I use search engines and news alerts to help me stay on top of what is going on in the world and markets. I have Google alerts set to send me news of any press releases containing fun phrases like "plan of liquidation," "deep value," and "strategic review." I also have it set to send me news on what James Montier, Wilbur Ross and other well-known investors might be up to. One of the most valuable news alerts over the years has been dividend cut/dividend reduction. When a company cuts its dividend, the selling can often be intense and the stock is knocked down to bargain levels. One of my best investments this year has been Boardwalk Pipeline Partners (BWP), which I bought after a 50% decline following a dividend cut.
It is easy to run a screen of companies that have above-average yields that are not earning the dividend. That makes a potentially lucrative list of stocks that could announce a reduction and see their stock prices tumble. This also might make for a good list of companies to avoid until the dividend outlook is cleared up by a cut or earnings improvement.
A classic example of this right now is also a stock I happen to like a lot for the long term. EXCO Resources (XCO) is one of the best stocks to play a recovery in natural gas prices, but the high yield of the shares telegraphs a dividend cut. The quoted yield is 6.56% but the company is not anywhere close to earning the payout. Even if it hits the very optimistic analyst expectation for 2015, it would be a 100% payout. The stock is already down substantially but a dividend cut announcement could induce an additional wave of selling that takes the shares down to very attractive levels form a long-term perspective.
The payout at Landauer (LDR) looks a little suspect as well. The medical-products company is not earning the dividend this year, and won't cover it in 2015 either, according to analysts. Earnings have been horrible this year and Landauer has seen a shakeup to its management team with both the CEO and CFO stepping down. Any discussion of getting the business back on track has to include a discussion about the dividend, and I would avoid the stock until that is cleared up.
Cliffs Natural Resources (CLF) should have cut the dividend several quarters ago. The 6% yield may be tempting to yield-hungry investors, but it is not going to last. It's not earning the dividend and won't until iron ore prices recover. I like this stock and would be a buyer if we see additional dividend-related selling this earnings season. Iron ore markets will recover at some point and in the shorter-term, current management is amenable to making moves that might unlock the value of the shares.

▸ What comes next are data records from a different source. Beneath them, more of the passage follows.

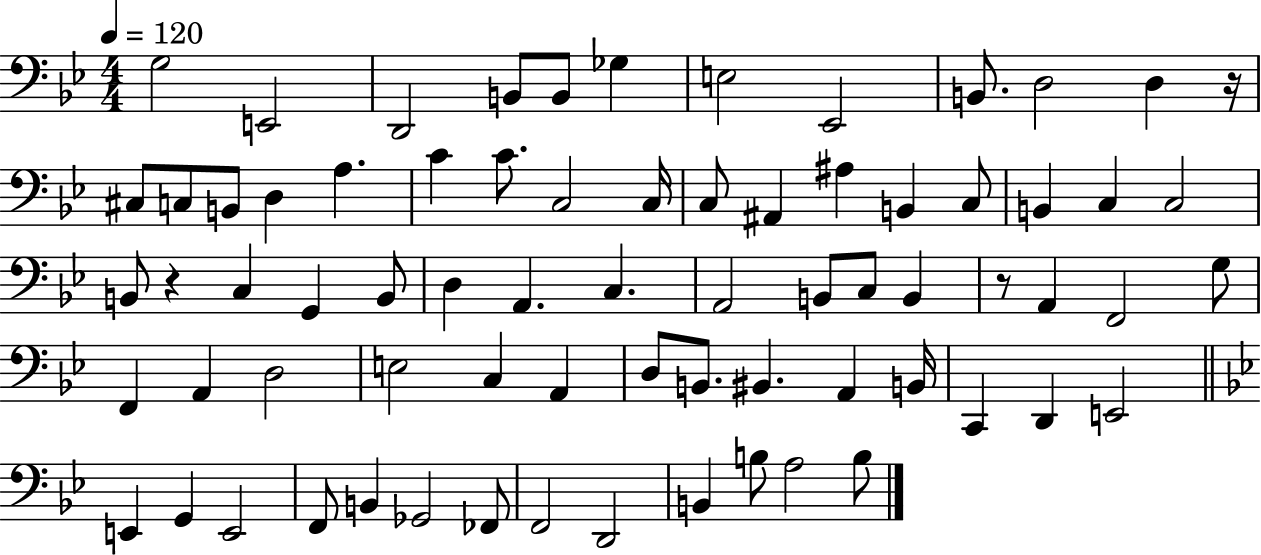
{
  \clef bass
  \numericTimeSignature
  \time 4/4
  \key bes \major
  \tempo 4 = 120
  g2 e,2 | d,2 b,8 b,8 ges4 | e2 ees,2 | b,8. d2 d4 r16 | \break cis8 c8 b,8 d4 a4. | c'4 c'8. c2 c16 | c8 ais,4 ais4 b,4 c8 | b,4 c4 c2 | \break b,8 r4 c4 g,4 b,8 | d4 a,4. c4. | a,2 b,8 c8 b,4 | r8 a,4 f,2 g8 | \break f,4 a,4 d2 | e2 c4 a,4 | d8 b,8. bis,4. a,4 b,16 | c,4 d,4 e,2 | \break \bar "||" \break \key bes \major e,4 g,4 e,2 | f,8 b,4 ges,2 fes,8 | f,2 d,2 | b,4 b8 a2 b8 | \break \bar "|."
}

Village Super Market (VLGEA) should also consider cutting its dividend. It does not earn the payout and probably won't next year either. Given the incredibly competitive nature of the grocery business, it makes sense from a business standpoint to conserve cash. Supermarkets are an industry that I expect to consolidate further in the years ahead, so selling after a dividend cut could makes this a very attractive long-term holding.
CenturyLink (CTL) cut its dividend in 2013 and another cut is not out of the question. It doesn't earn the dividend and is not earning the current payout either. Telecom is one of the most competitive businesses in the world and the cash might be needed to keep up with the likes of AT&T (T) and Verizon (VZ).
Buying after a dividend cut may run counter to traditional thinking, but it is not a new idea. Like so many of the concepts I use to pick stocks, I stole this one from Walter Schloss. He recognized that the selling after a dividend cut was usually excessive in nature and often provided astute patient value investors a fantastic entry point.